As a species, we humans seem to think quite highly of ourselves. We have no problems coming up with reasons to justify how special (we think) we are. Other species could rightly accuse us of an inflated sense of self-importance.
Historical justifications for our exceptional nature makes quite a list:
Only humans are the distinct creations of a loving God.
Only humans have been endowed with a soul.
Only humans are at the center of the universe.
Only humans are rationally intelligent.
Only humans have a self-reflective consciousness.
Only humans are masters of language.
Only humans have a free will.
Only humans are meaning-making and purpose-driven beings.
There are obvious advantages for humanity to try and carve out a special place in the cosmos. Feeling unique and exceptional fosters in-group cohesion and helps create a shared identity. It justifies dominance over nature and other species. It reduces some of the existential terror that comes with our impermanence and mortality.
Yet the story of humanity is in some ways the story of science and technology systematically dismantling the entire idea that we are uniquely special. Things we once thought were eternally sacred have been reduced to mundane scientific explanations. Abilities we thought were irreducibly human have been perfected and automated by technological innovations.
Even today, we desperately want to think that there’s something special about being human. As advanced technology promises to match and exceed the remaining human capacities that might defines us as special, we wonder “what’s left?”

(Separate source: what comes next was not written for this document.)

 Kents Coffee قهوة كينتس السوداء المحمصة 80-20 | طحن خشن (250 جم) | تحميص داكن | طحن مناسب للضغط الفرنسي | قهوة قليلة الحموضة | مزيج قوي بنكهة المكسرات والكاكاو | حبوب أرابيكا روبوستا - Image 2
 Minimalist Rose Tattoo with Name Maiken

Soon we’ll have increasing powers to merge with machines, to genetically alter our own species, and to create intelligences that vastly exceed our own. This acceleration confronts us with some uncomfortable questions: Is there anything that humans can do that can’t be perfected or automated by a machine? Is there anything special about the human condition that is “technology proof”?
Or to put it more concisely: In a future with advanced technology, what is the point of the human being?

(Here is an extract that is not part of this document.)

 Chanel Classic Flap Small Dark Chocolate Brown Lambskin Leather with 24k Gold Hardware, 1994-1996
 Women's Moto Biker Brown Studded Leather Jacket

The “secret sauce” of humanity
If we could locate some essential quality of human nature, then perhaps it could help us define a unique role for humanity in our technological future. But this is much tougher than it sounds. Not only would it need to be compatible with scientific consensus, it would also need to be impervious to the relentless march of technological progress. And it would need to be something that resonates with all of humanity, regardless of our cultural differences.
Do any justifications of human specialness hold up? A quick survey of the list above doesn’t offer much hope. The notion of Earth being the center of the universe was swiftly discarded once technology enabled astronomical observations. Similarly, the idea of humans as distinct creations of a divine being has lost much of its persuasive force in the face of evolutionary evidence.
Along with these empirical attacks, science has also mounted theoretical challenges. Phenomena like consciousness and free will, once thought to be hallmarks of human exceptionalism, have been reframed as mere byproducts of our neural architecture or delusions of subjective experience.
As technology advances, even more supposed human specialties will be called into question. Our intelligence and our mastery of language are increasingly being matched—and in some cases surpassed—by artificial systems.
So what is left? Is there something about human beings that can’t be reduced to mechanistic functions? That isn’t explainable by science or evolution? That could never be reproduced or perfected by future technology? Is there something irreducibly human, something inherent in the human condition that defies explainability, reduction, or reproduction?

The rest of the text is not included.